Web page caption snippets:
Start of Block

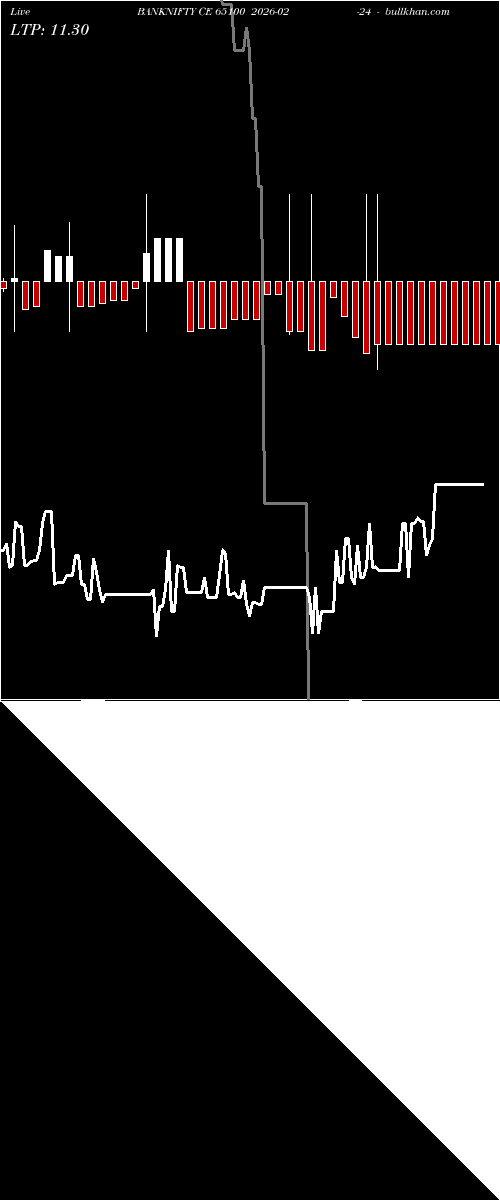  option chart BANKNIFTY CE 65100 2026-02-24 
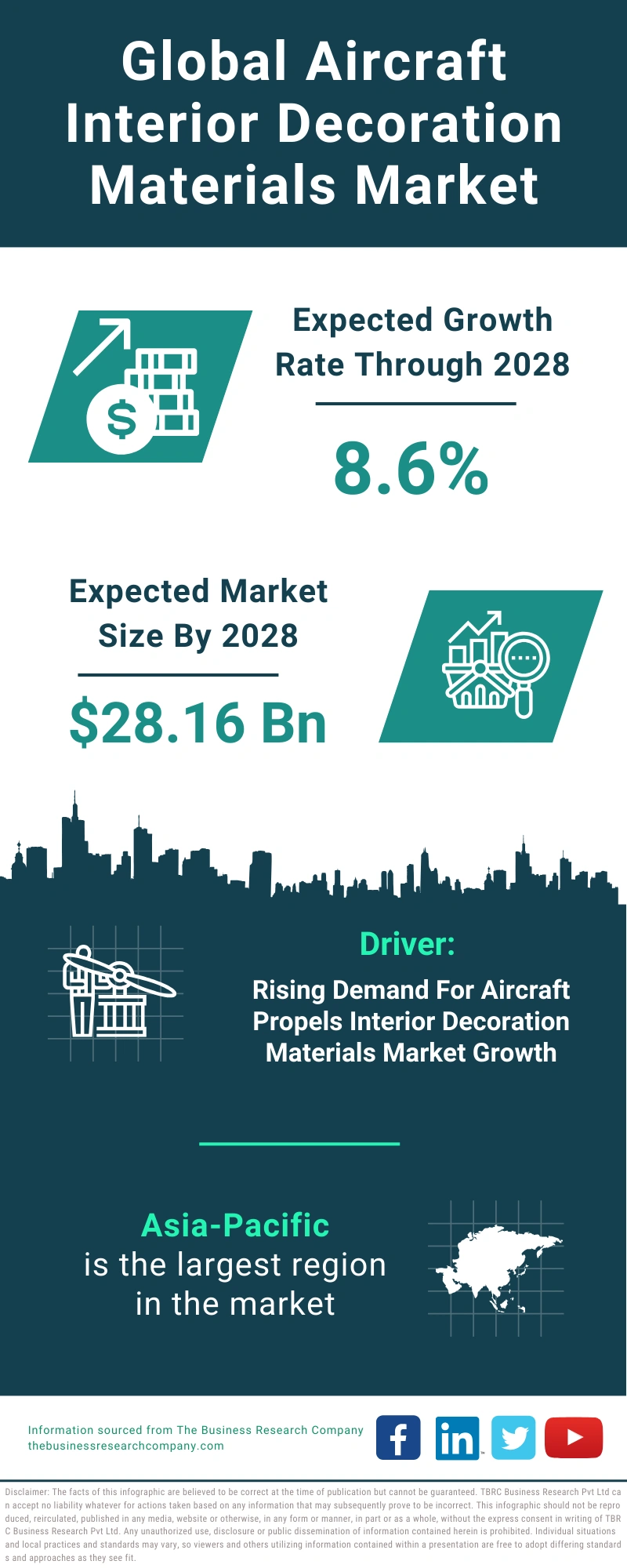Aircraft Interior Decoration Materials Global Market Report 2024
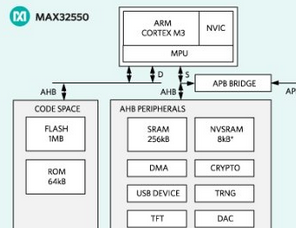 MaximDeepCover®微控制器协助同亨科技（XAC）通过PCI-PTS 4.1认证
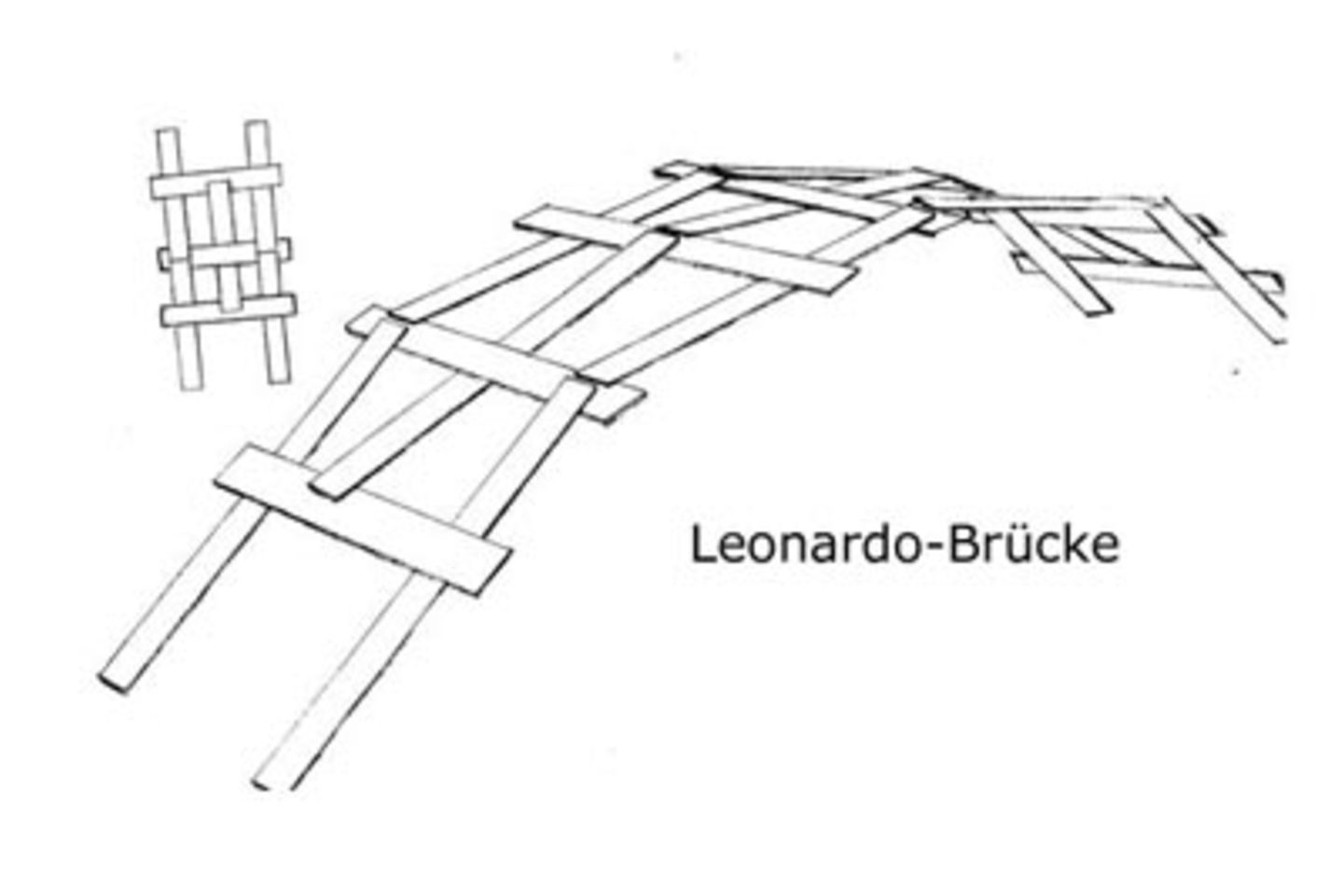Kinder kreativ: Leonardo-Brücke bauen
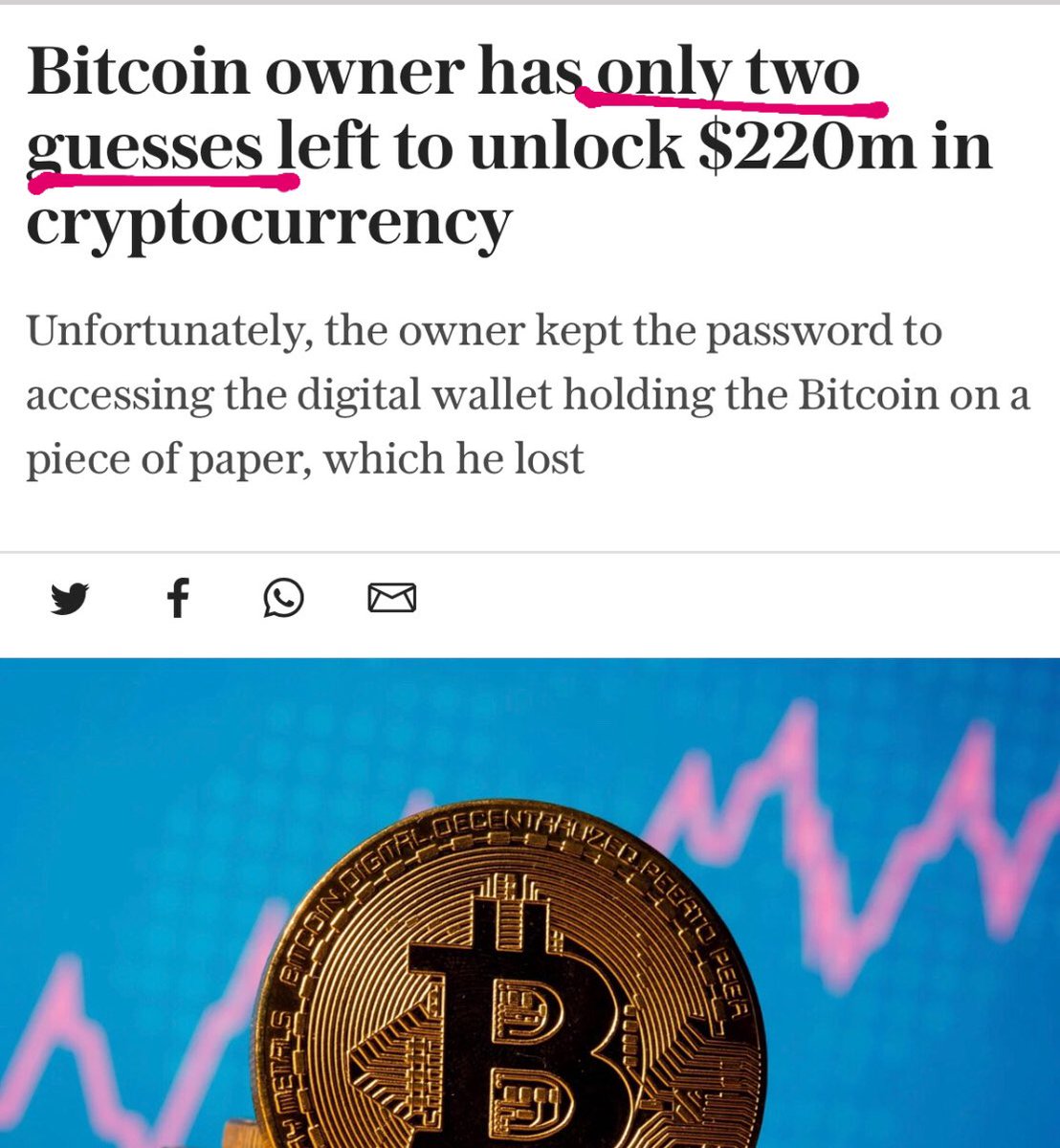 d_cryptoacademy's tweet photo. Just two more wrong guesses and $220m gone 💥🥵 https://t.co/pfyXsI8DVN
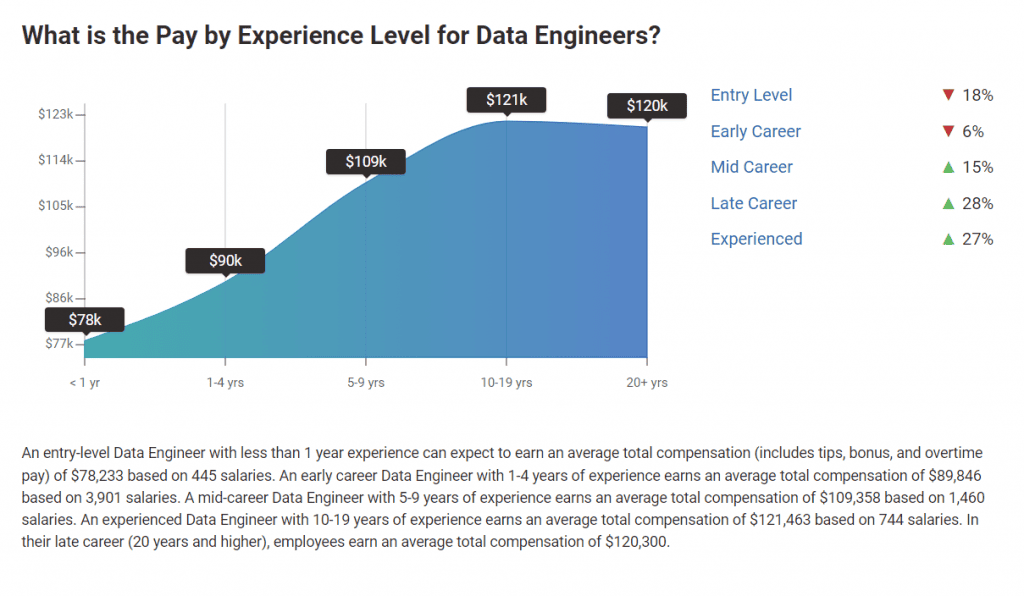 Salaries for Data Engineers based on experience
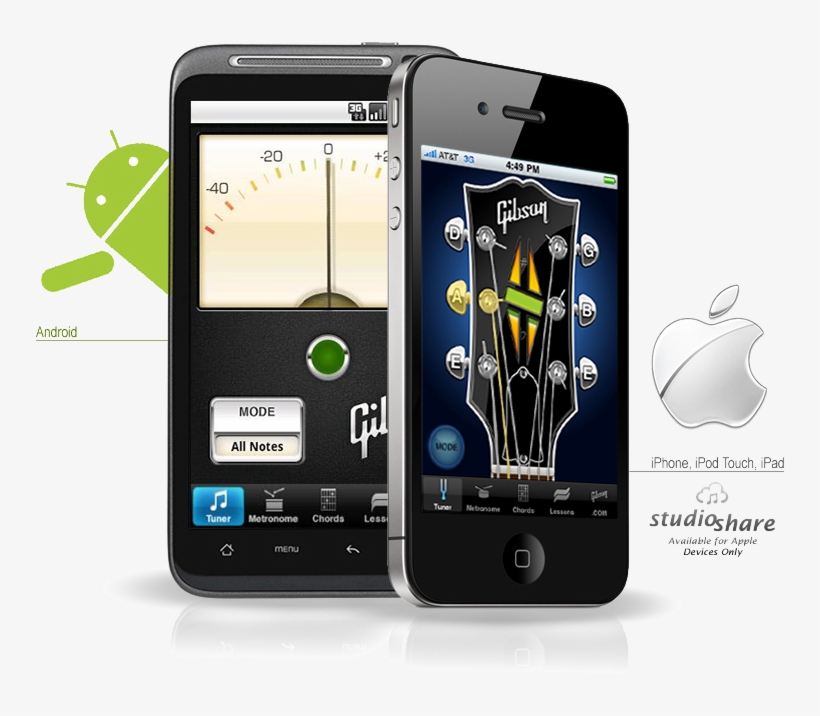 Gibson's Learn & Master Guitar App - Gibson Guitars, transparent png download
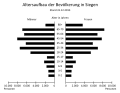 Vorschaubild der Version vom 22:30, 20. Dez. 2014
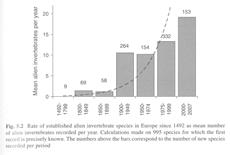 Trends Lücken in Österreich Koordination auf allen Ebenen!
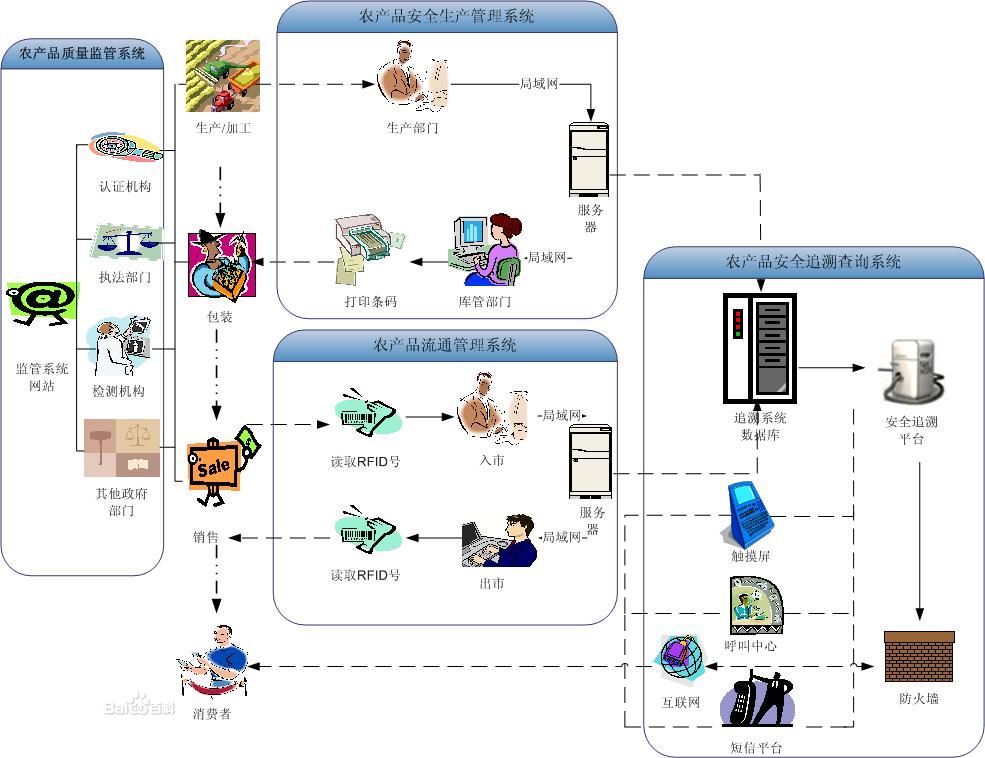 农产品追溯系统
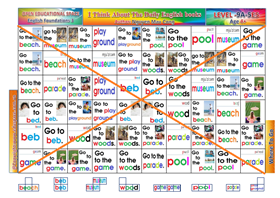 Where to go 5E5
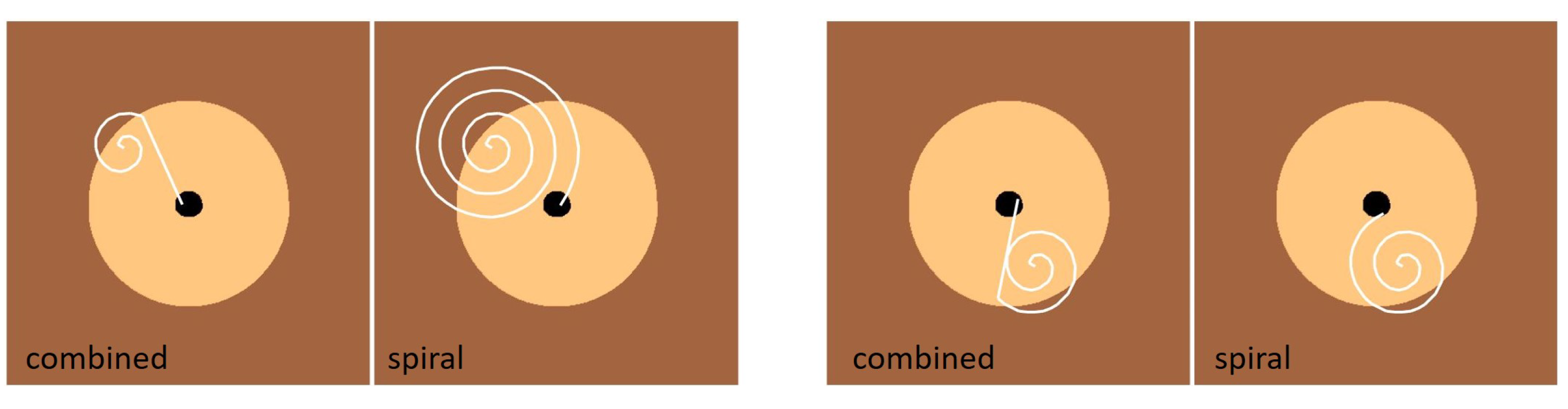 Preprints 163463 g015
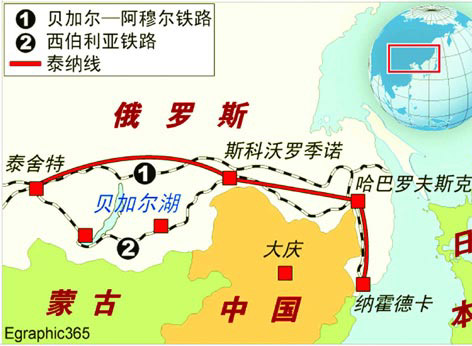 東西伯利亞油田開發慢 俄遠東油管先通華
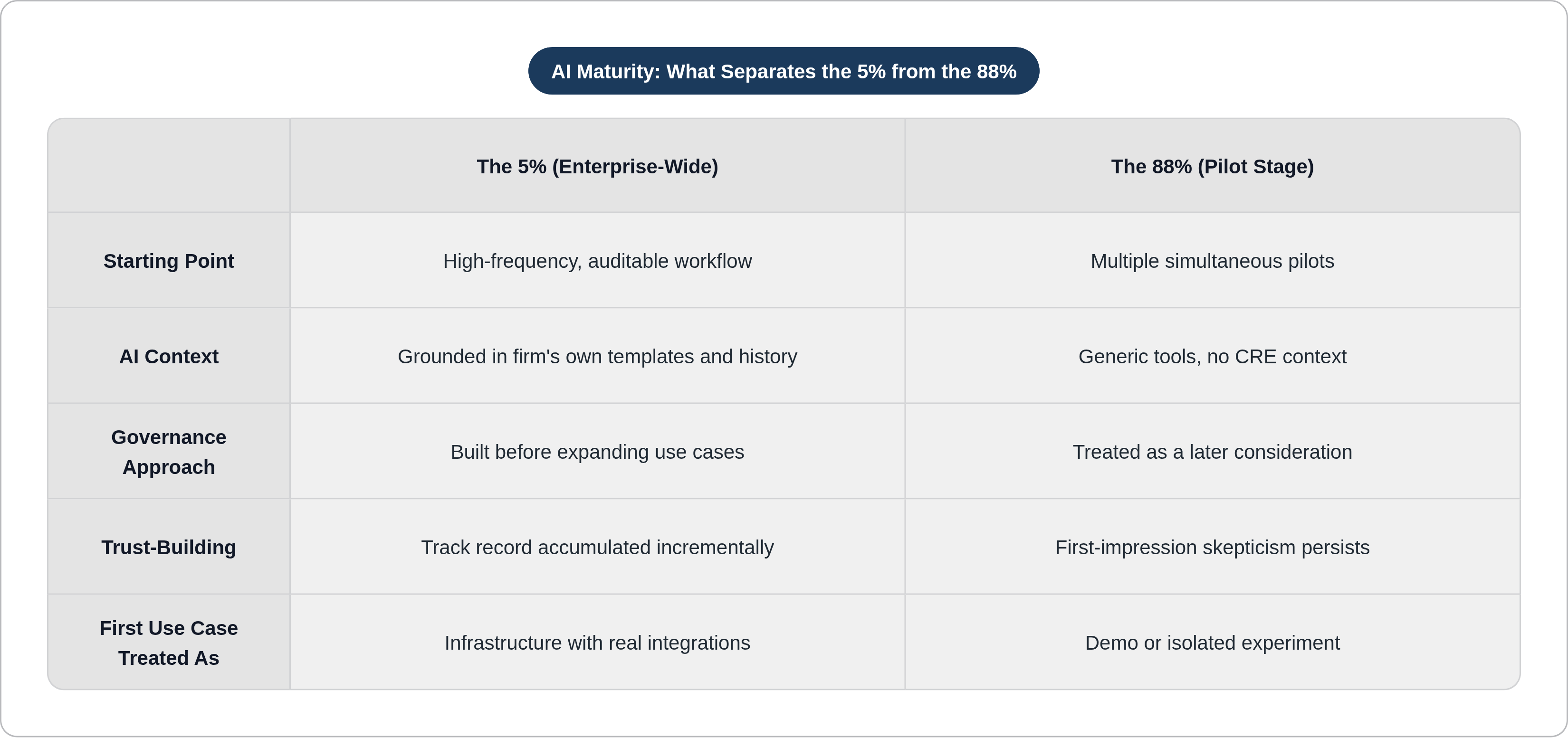 Table: AI Maturity: What Separates the 5% from the 88%. Compares Starting Point, AI Context, Governance Approach, Trust-Building, and 1 more by The 5% (Enterprise-Wide) and The 88% (Pilot Stage).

End of Block

Type the entries again verbatim. Drop the images.

  option chart BANKNIFTY CE 65100 2026-02-24 
Aircraft Interior Decoration Materials Global Market Report 2024
 MaximDeepCover®微控制器协助同亨科技（XAC）通过PCI-PTS 4.1认证
Kinder kreativ: Leonardo-Brücke bauen
 d_cryptoacademy's tweet photo. Just two more wrong guesses and $220m gone 💥🥵 https://t.co/pfyXsI8DVN
 Salaries for Data Engineers based on experience
 Gibson's Learn & Master Guitar App - Gibson Guitars, transparent png download
 Vorschaubild der Version vom 22:30, 20. Dez. 2014
 Trends Lücken in Österreich Koordination auf allen Ebenen!
 农产品追溯系统
 Where to go 5E5
 Preprints 163463 g015
 東西伯利亞油田開發慢 俄遠東油管先通華
 Table: AI Maturity: What Separates the 5% from the 88%. Compares Starting Point, AI Context, Governance Approach, Trust-Building, and 1 more by The 5% (Enterprise-Wide) and The 88% (Pilot Stage).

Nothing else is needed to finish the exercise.